Monday, February 20, 2012

Clayton Academy article

From the PG:


Dave Atkinson said...

I really didn't like this picture. When I looked at the picture, I thought the young women were handcuffed. When I read the caption, I realized it was students in a school. Did anyone else notice this?

Questioner said...

It is very disturbing. Who would want their child depicted that way?

The picture does undercut claims that the PG clears what it publishes w/ PPS in advance.

Anonymous said...

I envision new rules soon -- I'm kind of amazed they even included a picture with faces visible.

You can easily take a picture at, say the assembly described, where you only see the backs of heads and the faces of adults.

Interesting that after 4 years they seem to have finally hit on a better formula in the 5th year.

What are the changes made that increased attendance and seems to have made the school less chaotic?

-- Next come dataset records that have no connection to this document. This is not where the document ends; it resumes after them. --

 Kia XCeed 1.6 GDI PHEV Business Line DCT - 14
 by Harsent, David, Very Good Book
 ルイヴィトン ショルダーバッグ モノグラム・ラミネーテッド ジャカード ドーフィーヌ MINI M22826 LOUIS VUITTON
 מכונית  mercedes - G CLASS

-- not trying to run two single gender schools in one building

-- shorter periods with more electives

-- having other students help identify inappropriate behavior and reinforce proper behavior


Using the school as reformulated rather than the Achievement Center makes a lot of sense. Is the Achievement Center still a half day?!

Anonymous said...

I think this is a case of PPS getting "positive" information out there to justify spending more money on Clayton. The vote is, after all, this week. Notice everything sounded good - no mention of any bad things at the school. And former PPS employee, Howard Bullard, is still there. Like Judy Johnston, he received a nice post retirement gig.

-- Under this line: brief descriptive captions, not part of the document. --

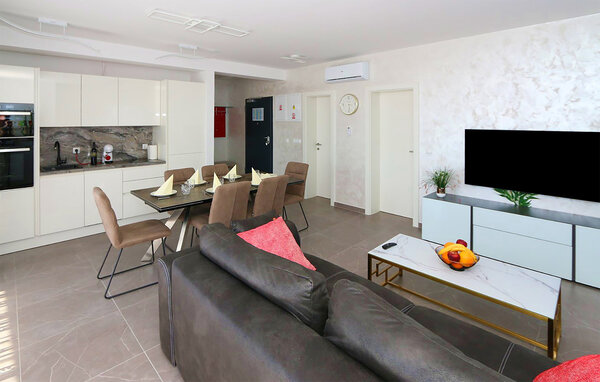 Apartament - Pag - Mandre , Chorwacja - CKP039 3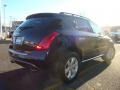 Super Black - Murano SL AWD Photo No. 10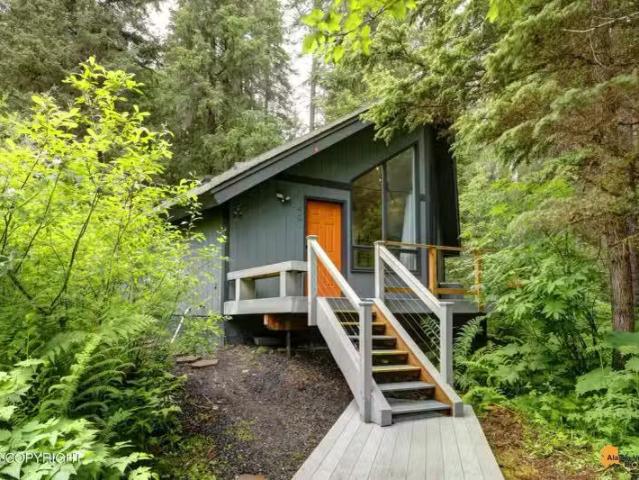 Apartment for rent in Girdwood
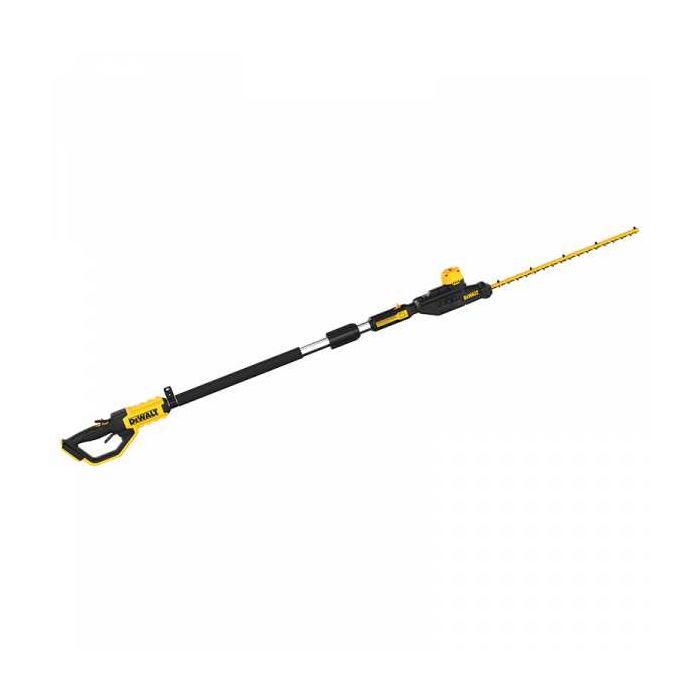 DeWalt 20V MAX Pole Hedge Trimmer Model DCPH820B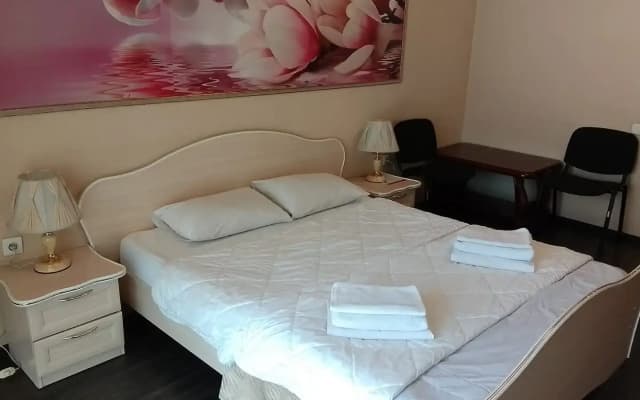 Отель Smart Hotel Кемерово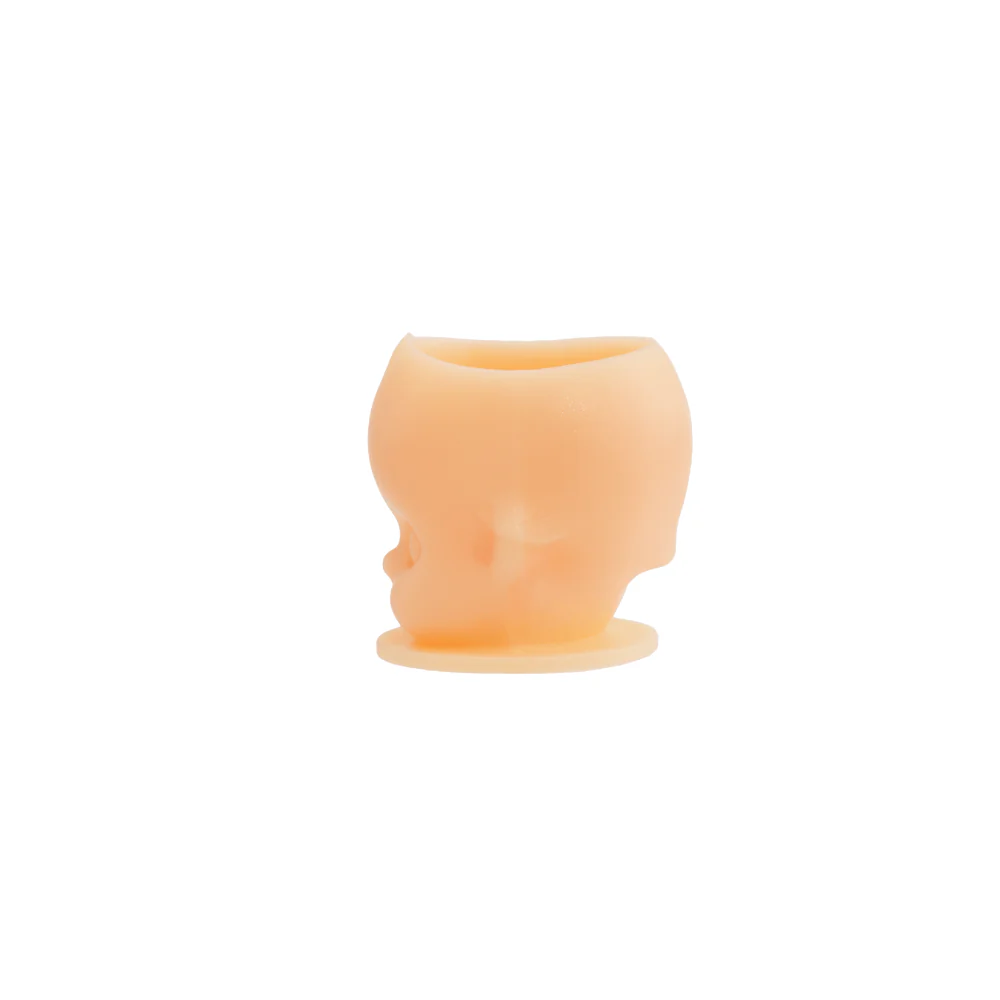 Saferly Cutie Doll Head 16mm Ink Caps (Bag of 200) - Image 6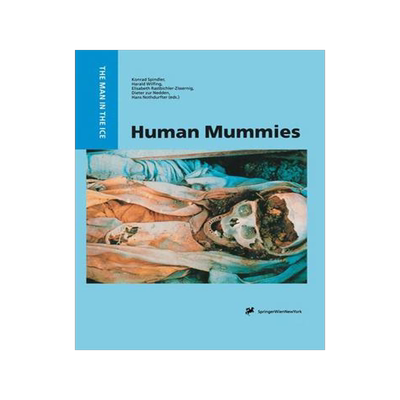 预订 Human Mummies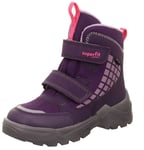 SuperFit Snow Max GTX Kids Lila-8510 30 - Fri frakt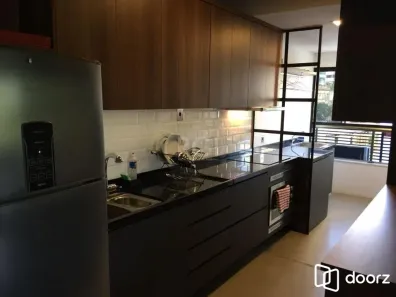 Apartamento com 1 Quarto à venda, 68m² no Petrópolis, Porto Alegre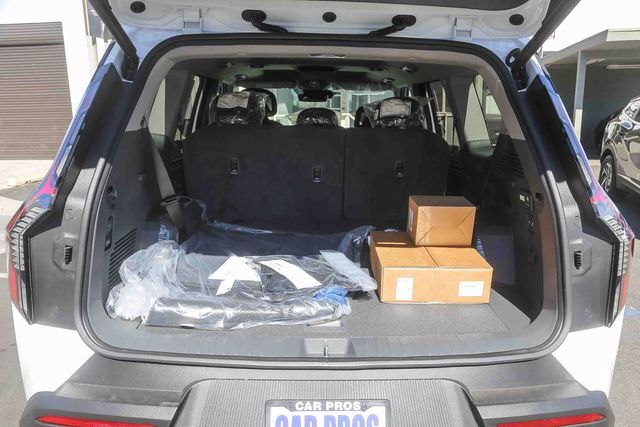 2026 Kia EV9 Wind AWD Glendale CA 2026 Kia EV9 Wind AWD Glendale CA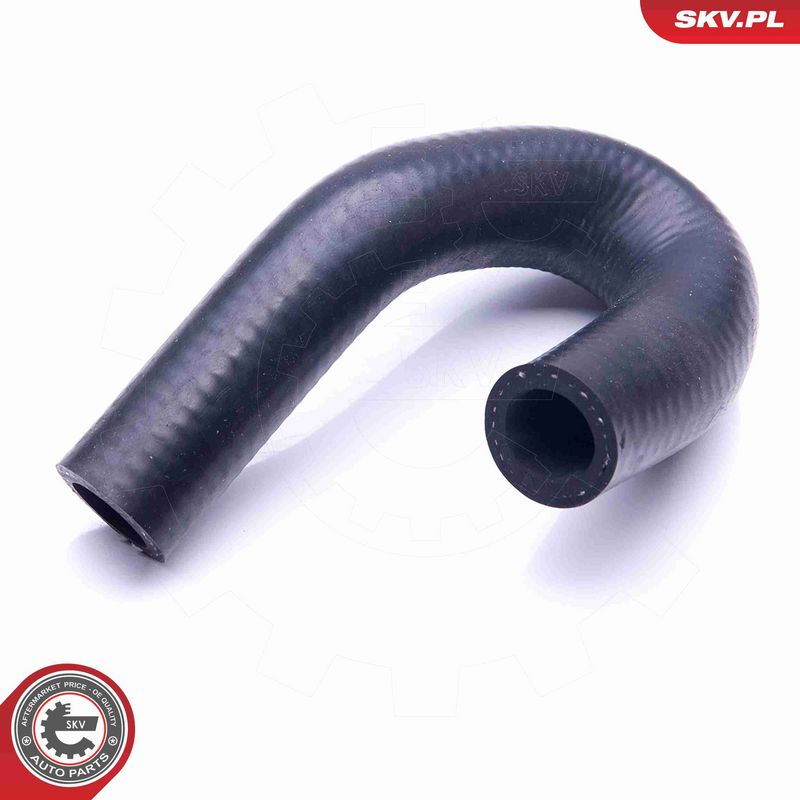 ESEN SKV 24SKV366 Radiator Hose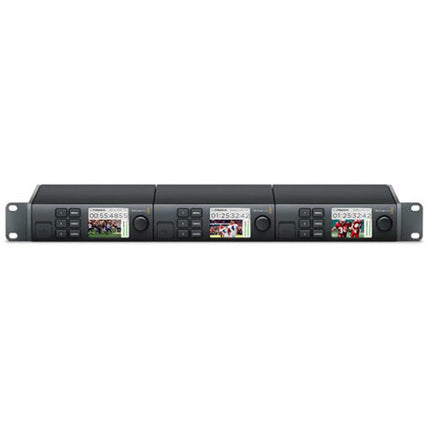 Blackmagic Design Rack Shelf estante para rack 1 RU altura 1 RU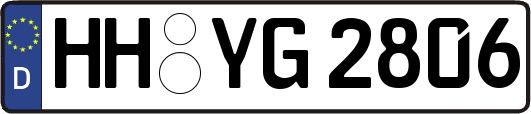 HH-YG2806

Clayton never did enroll the number of students it was supposed to. How do we justify the amount of our tax dollars spent on this?

I also thought the picture was in very poor taste. It looked like Schuman Center instead of a school.

Anonymous said...

Does is still apply that students with an IEP are not admitted to CAMS/Clayton due to school code or state law? Expanding the discipline issues that get a kid to Clayton (drugs, weapons, etc) would therefore mean the Achievement Center gets the kids with IEPs, correct? I am not saying we do not need each, just want to know how the price tags impact the reporting of PPS' per pupil costs.

Anonymous said...

They should retract the picture-they do look like they are handcuffed. Very bad public relations job. They should be fired for depicting underage students like that.

With today’s media this is horrible. That pic is harmful to the students in it. Aren’t parents supposed to sign an exit form for their children to be photographed? Call a lawyer parents of students-this is real disturbing.

Questioner said...

At the beginning of the year there is a release form- most parents trust schools to act responsibly and sign the form.

For years to come (forever?), prospective employers, etc. searching these young womens' names are likely to pull up this picture. The PG needs to purge the photo and apologize to the students involved.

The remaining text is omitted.